■ **Brief**
Please output the section of the listing below that opens with the line containing "Стол обеденный VASI Стол" and closes with the line containing "Sac � dos ordinateur", exactly and with nothing else.

■ **Exercise data**
Segment Open

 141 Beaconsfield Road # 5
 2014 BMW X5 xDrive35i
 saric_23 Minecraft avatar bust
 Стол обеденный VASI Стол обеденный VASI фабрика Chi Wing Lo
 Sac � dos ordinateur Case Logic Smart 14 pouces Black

Segment Closed
Segment Open

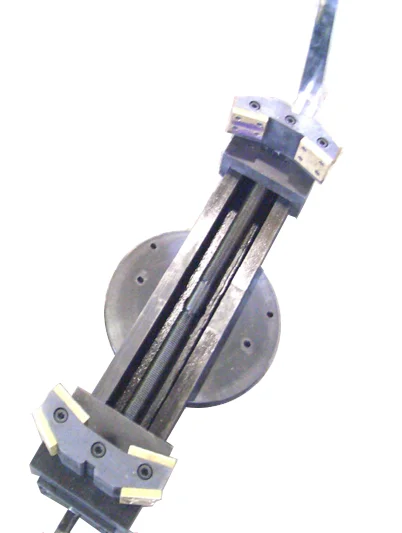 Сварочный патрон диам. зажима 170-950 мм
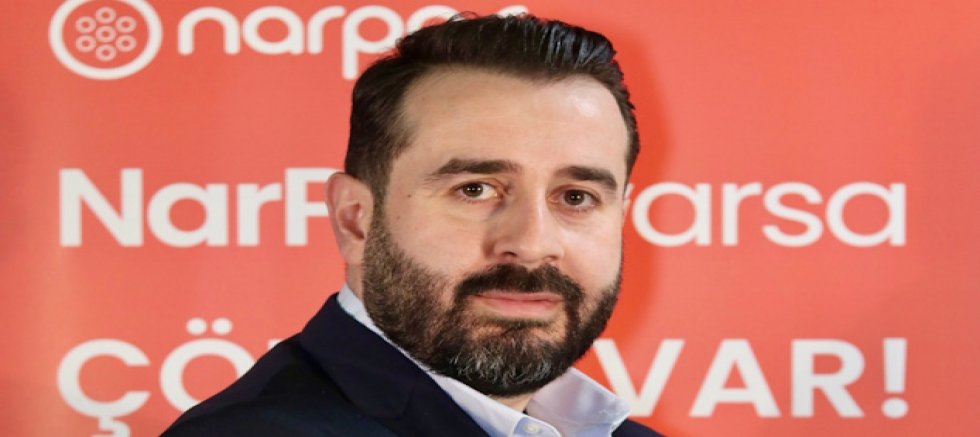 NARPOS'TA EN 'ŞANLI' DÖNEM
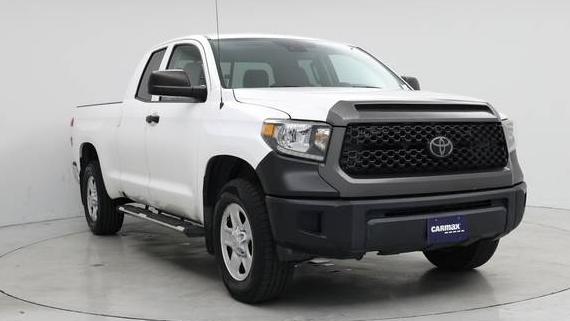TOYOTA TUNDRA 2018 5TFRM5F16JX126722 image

Segment Closed

■ **Solution for this task**
 Стол обеденный VASI Стол обеденный VASI фабрика Chi Wing Lo
 Sac � dos ordinateur Case Logic Smart 14 pouces Black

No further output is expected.